**Instructions to follow**
In this exercise, return the whole listing exactly, excluding any images.

**Data extract**
◇ ◇ ◇ ◇
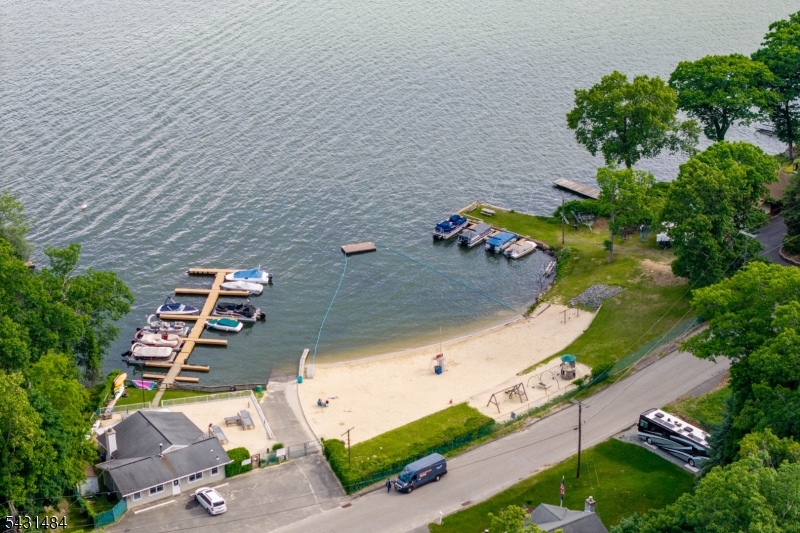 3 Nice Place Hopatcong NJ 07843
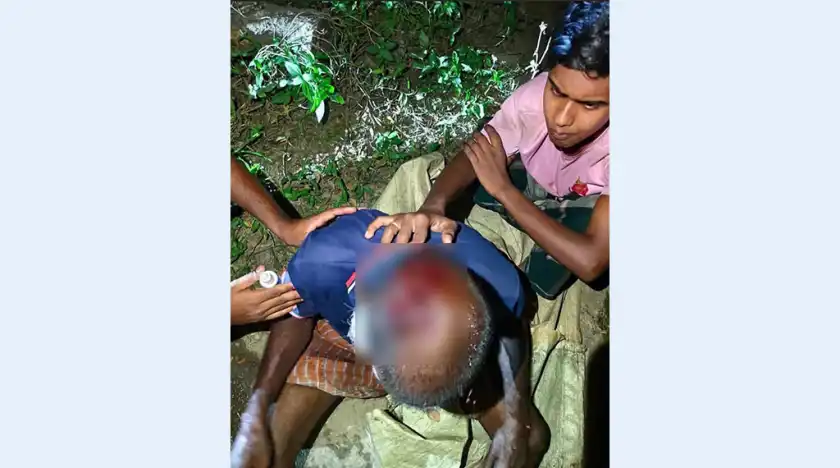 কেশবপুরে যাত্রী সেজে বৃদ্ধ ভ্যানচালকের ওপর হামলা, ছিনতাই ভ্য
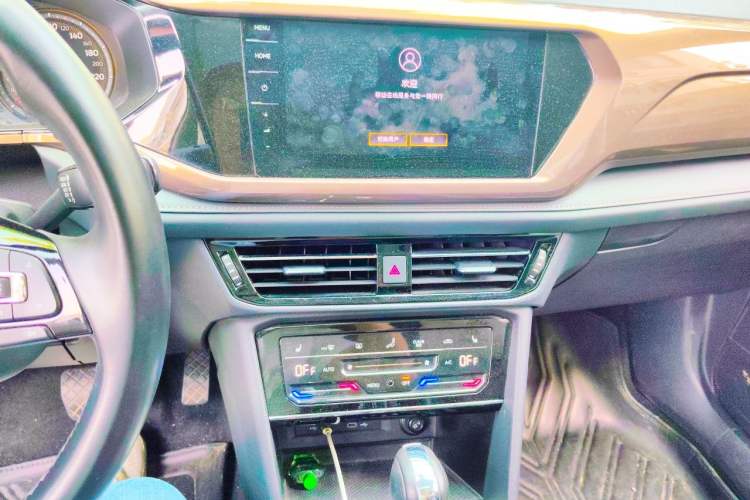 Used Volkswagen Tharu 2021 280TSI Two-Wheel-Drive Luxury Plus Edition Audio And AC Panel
◇ ◇ ◇ ◇
**Solution to the exercise**
 3 Nice Place Hopatcong NJ 07843
 কেশবপুরে যাত্রী সেজে বৃদ্ধ ভ্যানচালকের ওপর হামলা, ছিনতাই ভ্য
 Used Volkswagen Tharu 2021 280TSI Two-Wheel-Drive Luxury Plus Edition Audio And AC Panel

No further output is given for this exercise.